* _What to work on_
Everything in the listing that follows should be reproduced exactly except the pictures.

* _Dataset excerpts_
* * *

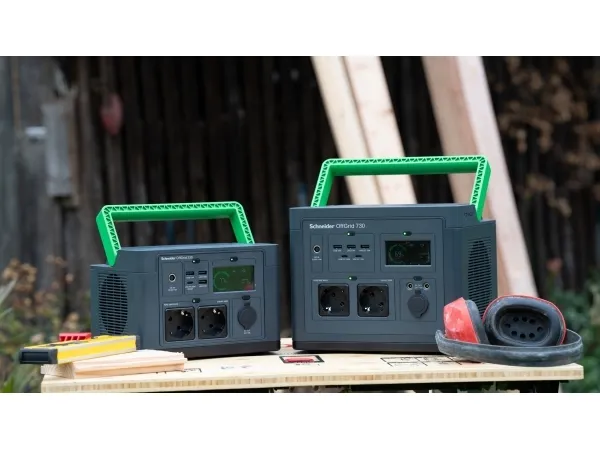 Schneider OffGrid 330 - Transportabel strømstation - LCD, lithium-ion, 2 CEE 7/3 schuko stik, sinuskurve, 3 USB-A, 1 USB-C, trådløs oplader - AC 230 V - 330 Watt - Litiumion - 332 Wh - output-stikforbindelser: 2 - sort, grøn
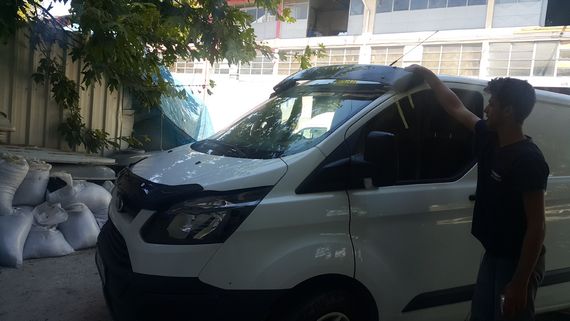 Козирьок на лобове скло (на кронштейнах) для Ford Custom 2013-2024 рр | Зображення 3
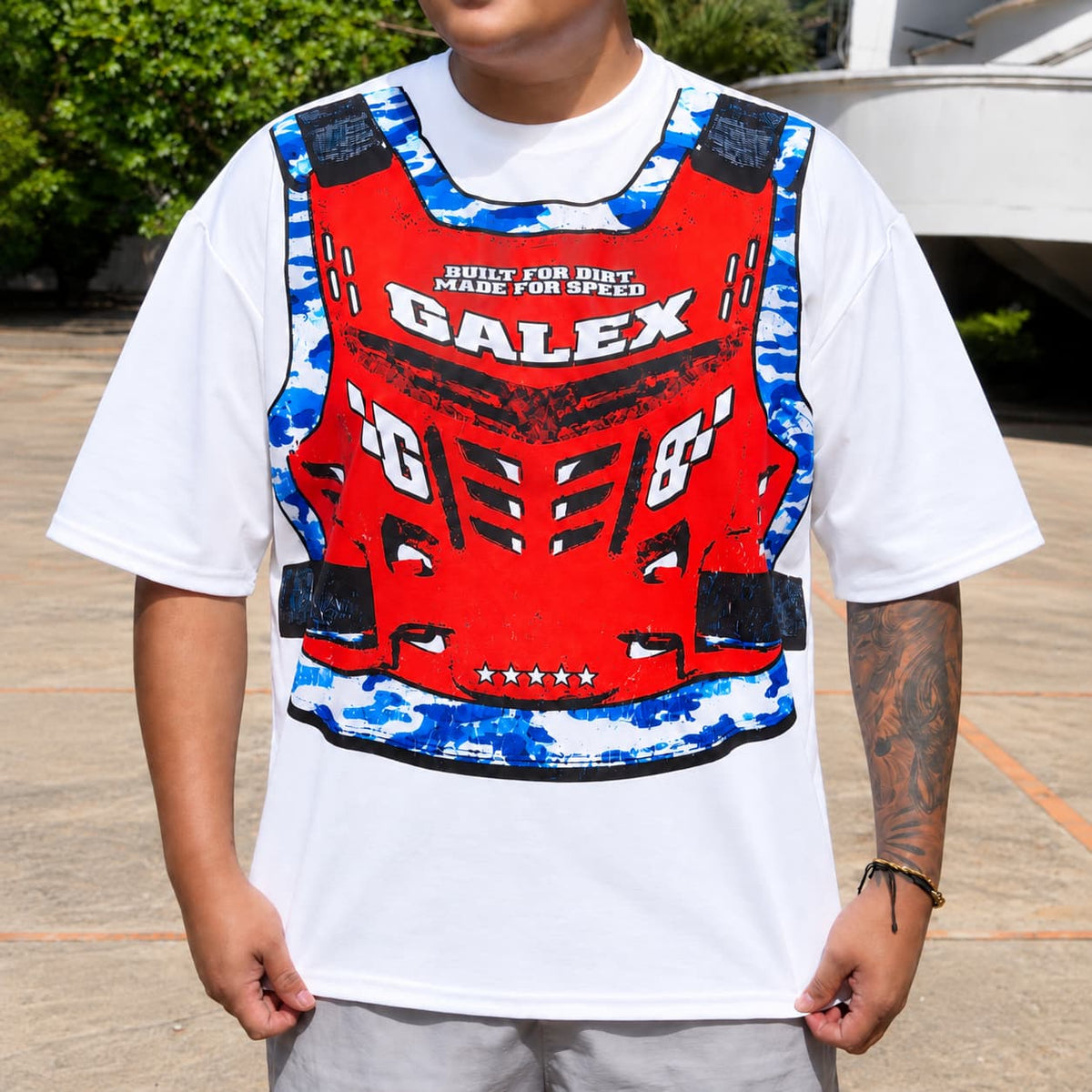 GALEX Chaleco — Edición Racing | Camiseta Oversize Blanca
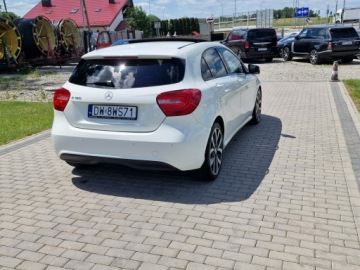 Mercedes Klasa A W176 Hatchback 5d 1.6 180 BlueEFFICIENCY 122KM 2012 Mercedes A 180 1.6 Benzyna Automat Bixenon Ledy, zdjęcie 10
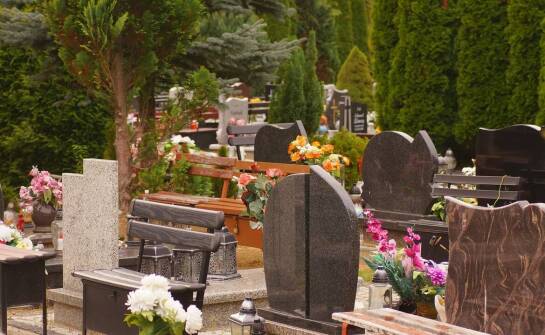 Usługi pogrzebowe – co warto wiedzieć przed organizacją ceremonii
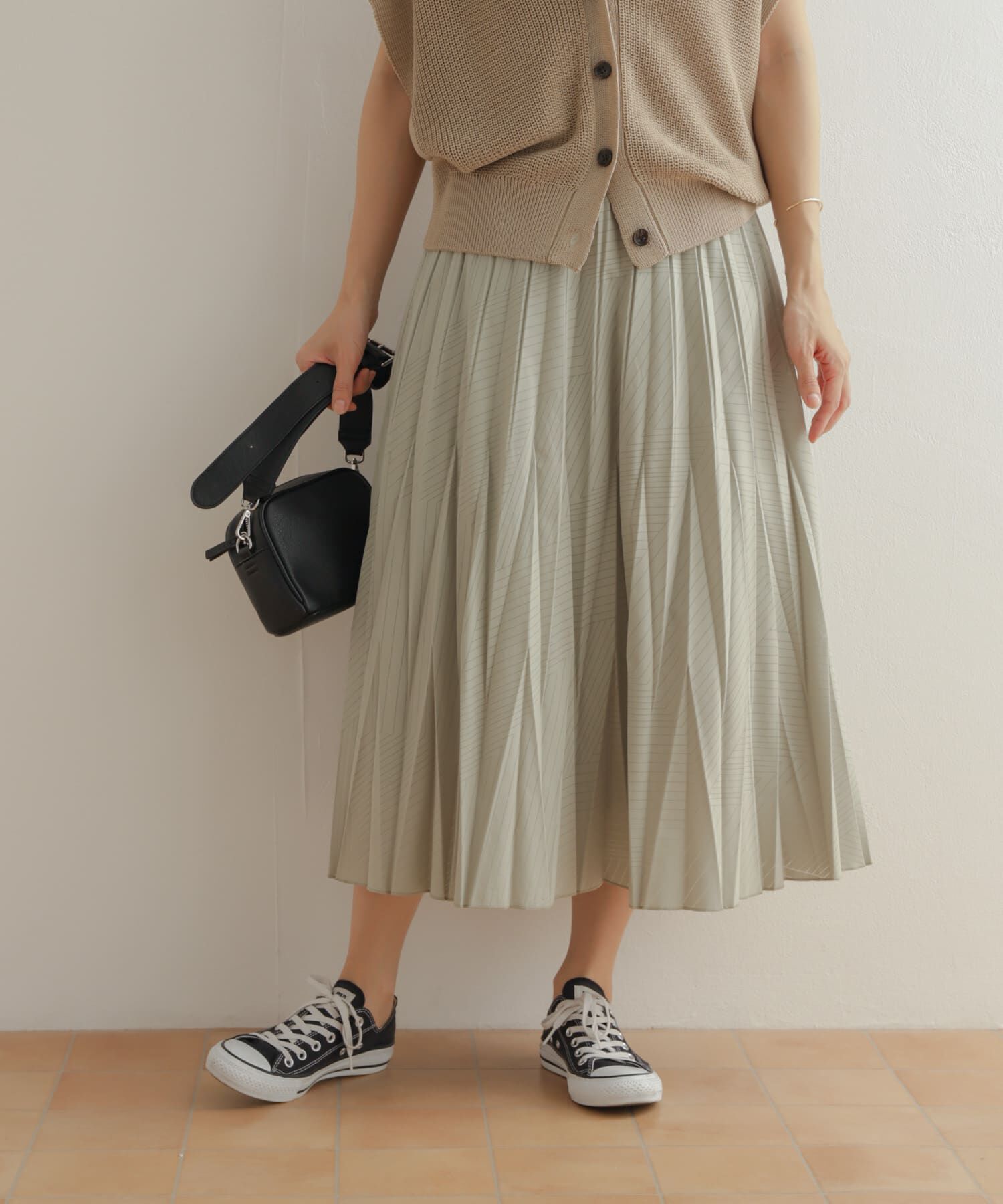 URBAN RESEARCH DOORS「オパール加工変形プリーツスカート」|スカート|ミント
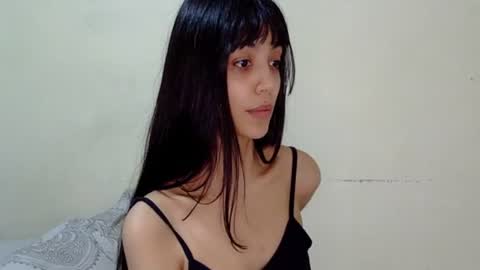 Snapshot of selene_hebe chatting on June 15, 8:33 pm selene_hebe online show from June 15, 8:33 pm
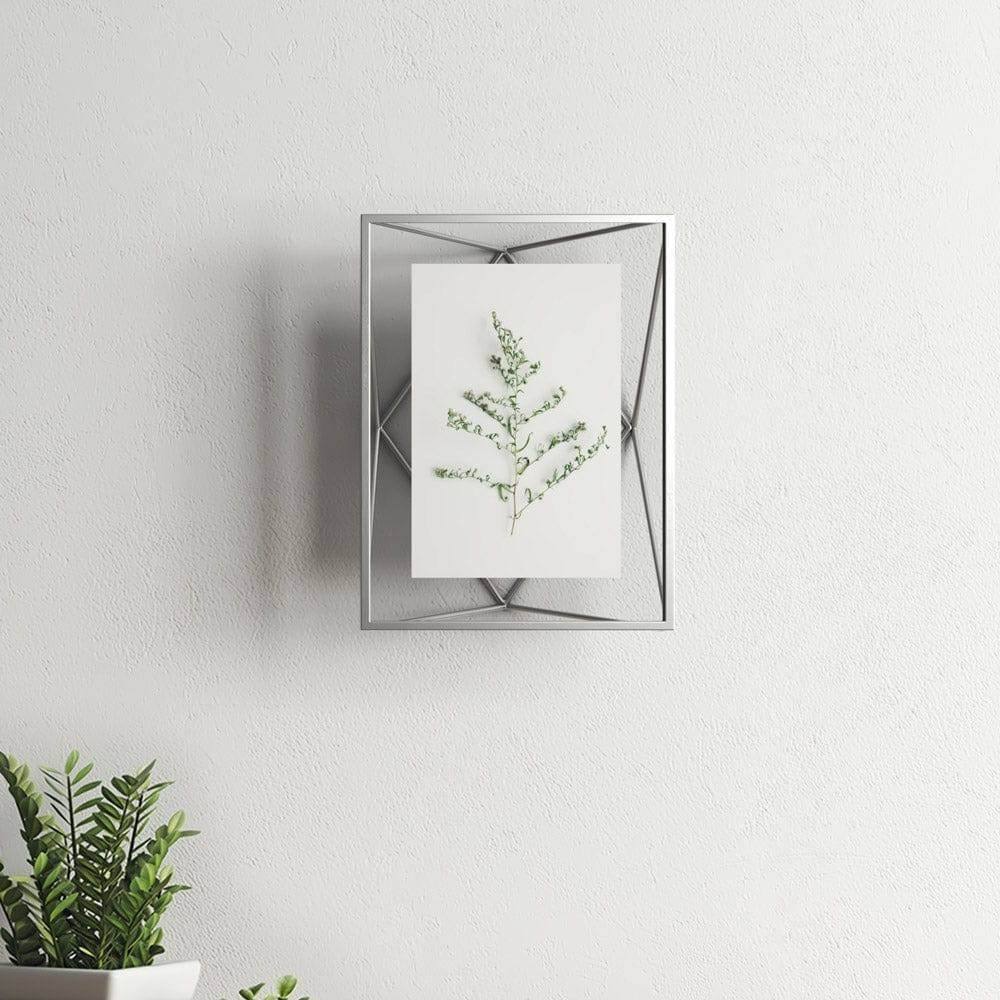 Umbra Prisma Photo Frame Medium - Chrome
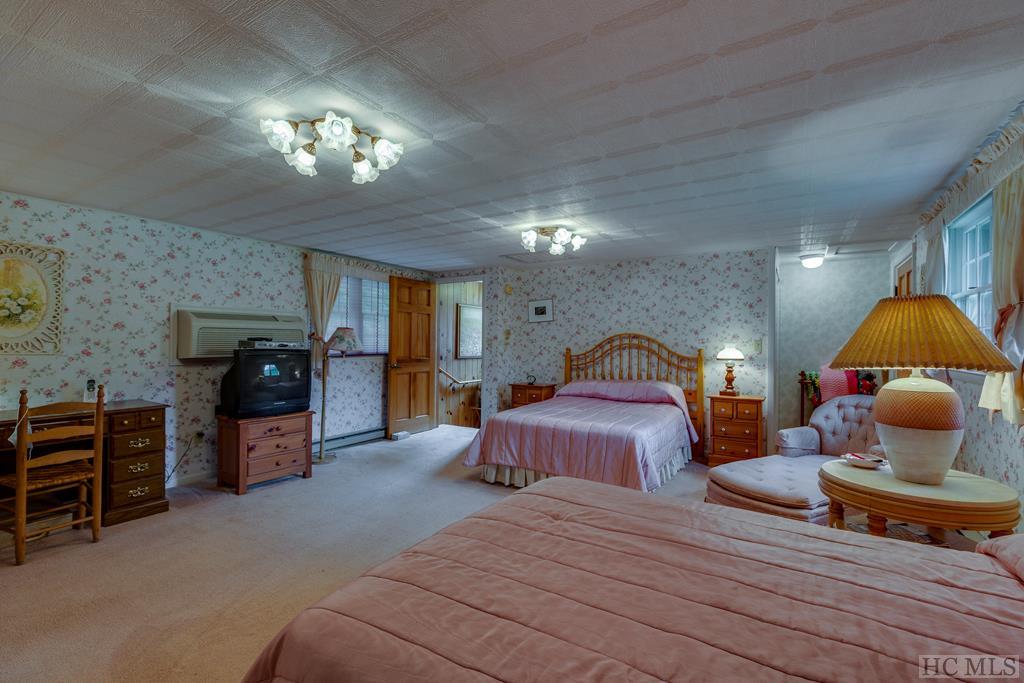 716 Cobb Road Highlands, NC 28741 - Photo 18 of 28 Gallery Image 18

* * *

* _Response_
 Schneider OffGrid 330 - Transportabel strømstation - LCD, lithium-ion, 2 CEE 7/3 schuko stik, sinuskurve, 3 USB-A, 1 USB-C, trådløs oplader - AC 230 V - 330 Watt - Litiumion - 332 Wh - output-stikforbindelser: 2 - sort, grøn
 Козирьок на лобове скло (на кронштейнах) для Ford Custom 2013-2024 рр | Зображення 3
 GALEX Chaleco — Edición Racing | Camiseta Oversize Blanca
 Mercedes Klasa A W176 Hatchback 5d 1.6 180 BlueEFFICIENCY 122KM 2012 Mercedes A 180 1.6 Benzyna Automat Bixenon Ledy, zdjęcie 10
 Usługi pogrzebowe – co warto wiedzieć przed organizacją ceremonii
 URBAN RESEARCH DOORS「オパール加工変形プリーツスカート」|スカート|ミント
 Snapshot of selene_hebe chatting on June 15, 8:33 pm selene_hebe online show from June 15, 8:33 pm
 Umbra Prisma Photo Frame Medium - Chrome
 716 Cobb Road Highlands, NC 28741 - Photo 18 of 28 Gallery Image 18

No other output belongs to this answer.